Is the kitchen very involved in helping out with the cocktail garnishes?
Absolutely. When a menu is created, Andy and Arathon will approach Chef Ryan and myself and ask for ideas. At this stage, they give us the base flavours, the name and concept of the drinks, which might then serve to inspire the garnish. From there, we have our combined 45 years of culinary knowledge, all that experience of pastry and culinary to assist us in conceptualising the garnish.
What’s the number one rule in your kitchen?
RYAN: Shake my hand when you walk into my kitchen in the morning or else you’re going to have a very long day. It is simple manners really.
You have 45 years of combined cooking experience. That’s a long time. Was there anything that you thought you wanted to do before you embarked on your cooking career?
RYAN: I was 14 when I started. I had left school early because I wasn’t cut out for it and was considered to be quite a rebel. However, professional kitchens were run like elite military institutions back then, so disciplined and regimented, and since I wasn’t able to be in that sort of atmosphere, being a young chef in such a tough kitchen really engulfed me. I loved it and changed my life. It made me more respectful and gave me a grander opinion of good work ethics and teamwork.
AYO: My background is very different since I grew up in the UK with Nigerian parents. They have a similar sort of mindset to Asian parents where success is only derived from being a lawyer, doctor or accountant. I came from that academic background and was bound to be an accountant, however I dropped out of that option pretty early on. Since I have always been in touch with the culinary world, I sought to combine that love with my business tendencies. Once I started to travel, a few years in the States and a few years in France, and subsequently growing in the ranks, my parents started to realise that there are other forms of successes; such as being an entrepreneur, a leader, a successful business owner such as Chef Ryan is.
How has your menu evolved over the past 14 years and what can we expect different from the newest prix fixe menu?
RYAN: The dinner menu changes every three months. Before that, it just kind of semi-evolves.
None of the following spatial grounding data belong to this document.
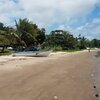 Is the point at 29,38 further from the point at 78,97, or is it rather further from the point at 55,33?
the point at 78,97

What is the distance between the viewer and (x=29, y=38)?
84.9 m

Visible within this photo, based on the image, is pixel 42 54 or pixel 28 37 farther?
pixel 28 37

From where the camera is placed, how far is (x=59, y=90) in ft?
45.1

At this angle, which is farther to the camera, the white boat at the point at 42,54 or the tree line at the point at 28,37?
the tree line at the point at 28,37

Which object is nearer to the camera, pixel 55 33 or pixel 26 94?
pixel 26 94

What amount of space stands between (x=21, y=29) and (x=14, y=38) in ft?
55.4

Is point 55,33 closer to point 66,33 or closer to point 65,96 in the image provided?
point 66,33

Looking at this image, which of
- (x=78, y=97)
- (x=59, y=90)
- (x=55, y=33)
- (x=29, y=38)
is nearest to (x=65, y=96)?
(x=78, y=97)


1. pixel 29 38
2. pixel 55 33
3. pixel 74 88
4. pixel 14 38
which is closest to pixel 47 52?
pixel 14 38

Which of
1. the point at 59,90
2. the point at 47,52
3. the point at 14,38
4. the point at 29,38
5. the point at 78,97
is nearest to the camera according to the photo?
the point at 78,97

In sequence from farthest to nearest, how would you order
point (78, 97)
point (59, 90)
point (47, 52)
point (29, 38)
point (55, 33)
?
point (55, 33) < point (29, 38) < point (47, 52) < point (59, 90) < point (78, 97)

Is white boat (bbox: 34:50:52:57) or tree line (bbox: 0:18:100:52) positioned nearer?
white boat (bbox: 34:50:52:57)

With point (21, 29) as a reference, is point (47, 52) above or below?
below

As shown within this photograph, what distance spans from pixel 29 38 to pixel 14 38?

We have become more mature in our actions and styles. Take the garlic soup for example, it’s been on the menu for 14 years, the pills, they are now served with the petit fours; our fruit course has evolved and now we include a beautiful serving of Japanese fruit. I
If anything, our guests have commented that our food has become cleaner, more delicate. I think it’s like wine, it gets better with age.
You’ve introduced a vegetarian menu as well. Is this a responsive act towards escalating requests to cater to allergies?
RYAN: Looking back to 14 years ago, I also had a full vegetarian menu available then. I’ve been doing this way before anybody else and I’ve always accommodated everyone who wants to dine in the restaurant.
Our guests have commented that our food has become cleaner, more delicate. I think it’s like wine, it gets better with age.Ryan Clift
However, I can say something now that some people may be peeved about. I have recently stopped catering for gluten, lactose, and soy allergies. I stopped allowing vegans and have openly published this on our website and reservations platform. Unfortunately guests don’t understand that it’s not commercially viable to call up on that day and announce the various allergies of their guests.
We serve only one menu, if you can’t take those dishes, we have a vegetarian menu. For some guests, we can pull out some dishes from the lunch menu since those differ. But that’s as far as it goes. If you have all of these issues, sort yourself out and come back and dine with us.
What’s your current state of mind?
RYAN: Very positive. It is a four and a half day work week for the team. We close Sunday and Wednesday, Because of the 10:30pm no-service of alcohol rule, it has created a healthier atmosphere for the team since we get to finish earlier. We get more rest and people in the industry are more energetic as a result.